Following should launch hostname on every specified node. Therefore DNS name of every specified node should be printed to your local console:

mpiexec -host node1,node2,... hostname

If there was a problem running these commands, there is probably a problem with configuration of your cluster (network settings, firewall rules, MPI configuration, ...). For more information about running MPI jobs see documentation for your process manager, e.g. man mpiexec.

Run your first query

MPI allows you to to specify how many processes will be launched on each node. The first process will always be in the role of master, remaining processes will be the slaves. It is mandatory to have exactly one master and at least one slave process, otherwise job won't start. Master process doesn't read any data, so you can launch it on a dedicated node (better option) or it can share a node with slave process.

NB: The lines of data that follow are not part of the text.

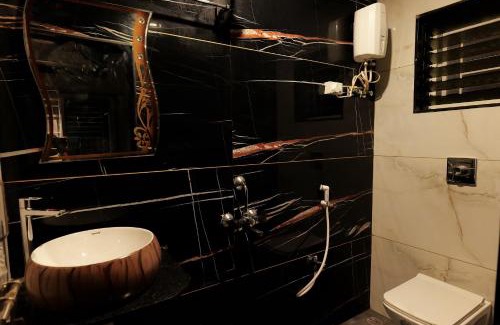 Akalkot Hotel | Balaji Residency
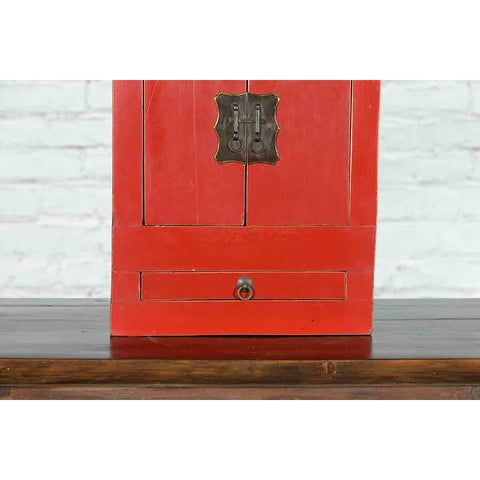 Small Chinese 1900s Red Lacquered Cabinet with Brass Hardware and Single Drawer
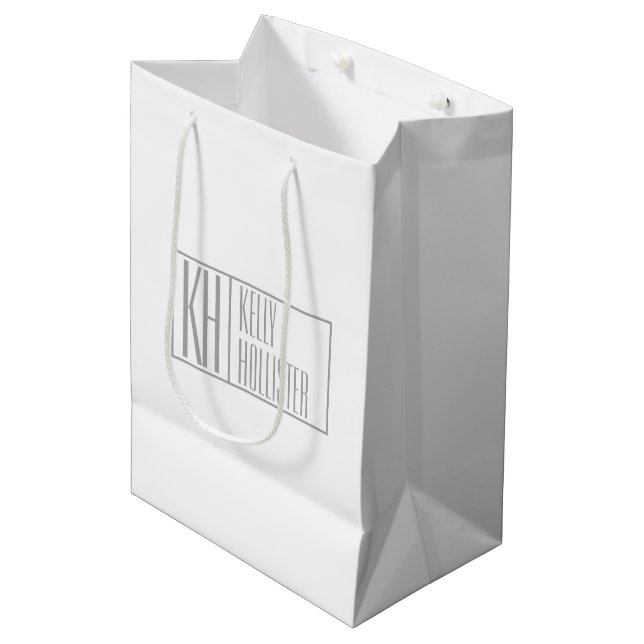 Sac Cadeau Moyen Logo Moderne Grey Initiales & Nom (Devant Angle)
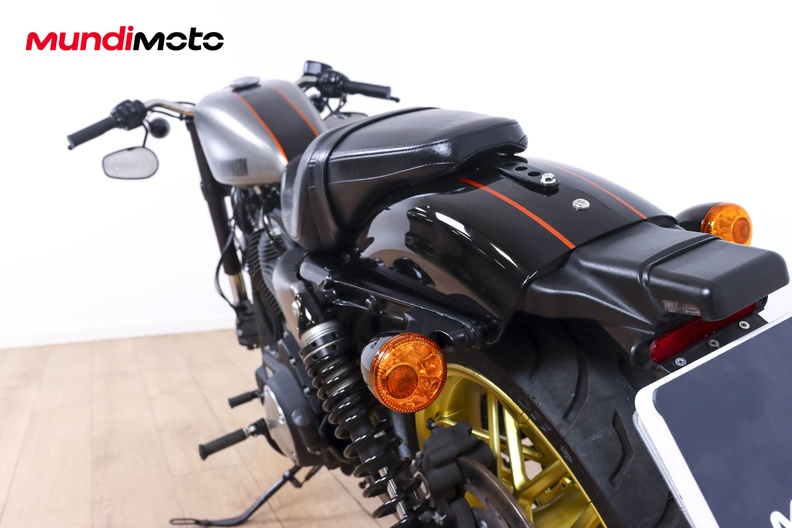 Motorbike image 9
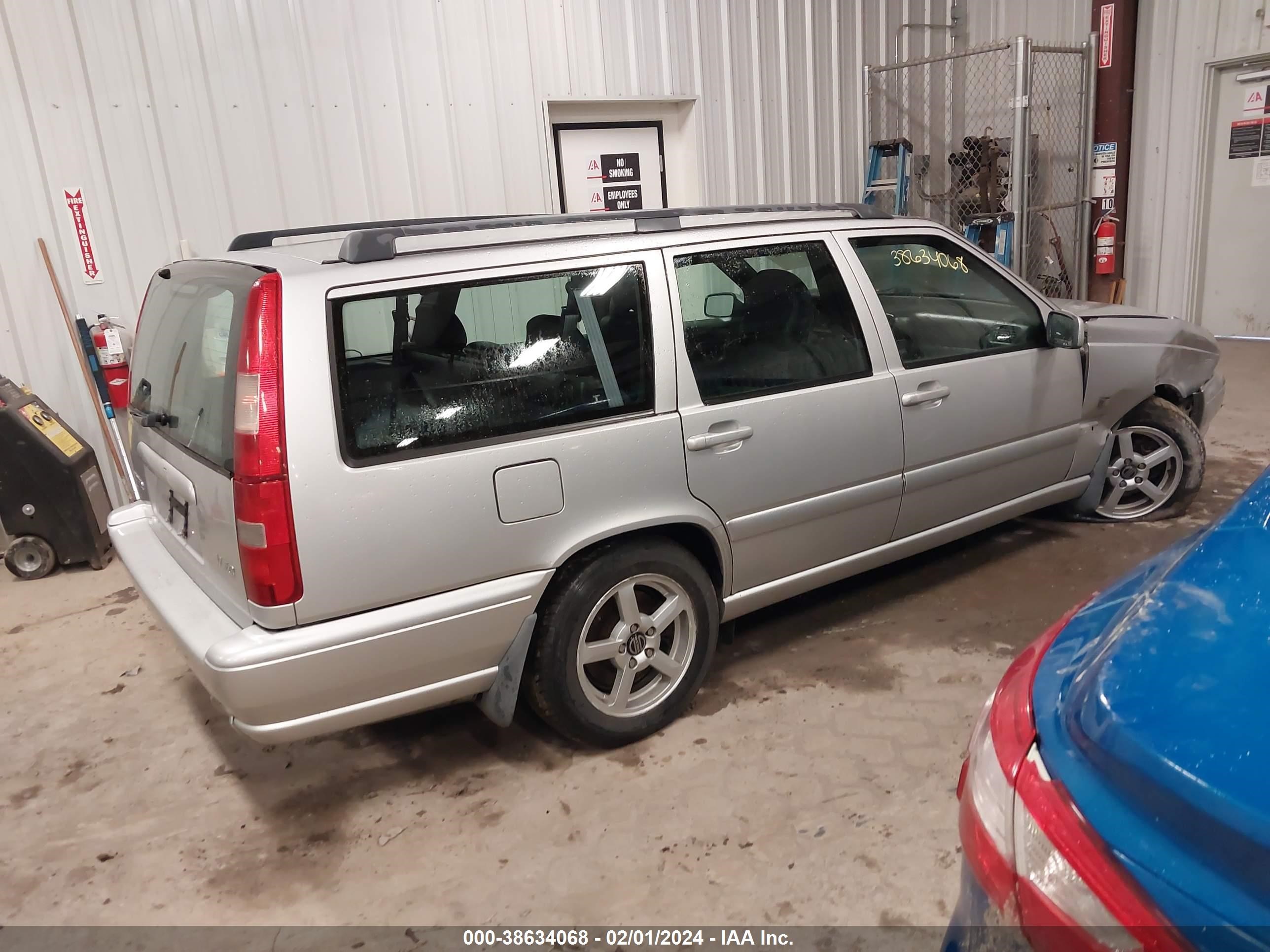 Photo 3 VIN: YV1LV56D7X2580006 - VOLVO V70 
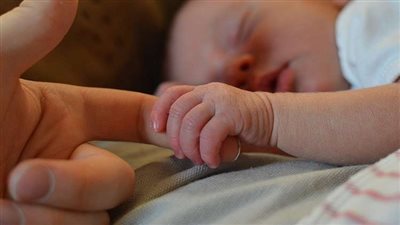 الطفل المعجزة.. يتنفس فى كفنه بعد وفاته
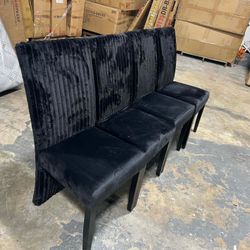 4 pieces chairs ！ black and red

To run fdistdump on a single node, you should launch two processes. First one, the master, is necessary to manage the slave, print progress and results. The second one, the slave, is there to do all the hard work. It will read and process all the flow files and send the results back to the master. Following example command will print statistic about the source ports in flow_file:

mpiexec -n 2 fdistdump -s srcport flow_file

To run fdistdump on multiple nodes, you should launch one process on each node in your cluster, plus one. One slave process per node and the extra one is for the master. As was stated earlier, you can launch master on a dedicated node, where no flow data is stored, but it can also share node with slave process. Following example command will launch dedicated master on m_node and slaves on sl1_node and sl2_node. Both slaves will read flow_file and send results back to master:

mpiexec -host m_node,sl1_node,sl2_node fdistdump -s srcport flow_file

Documentation

For complete documentation and more examples see the fdistdump manual page:

man fdistdump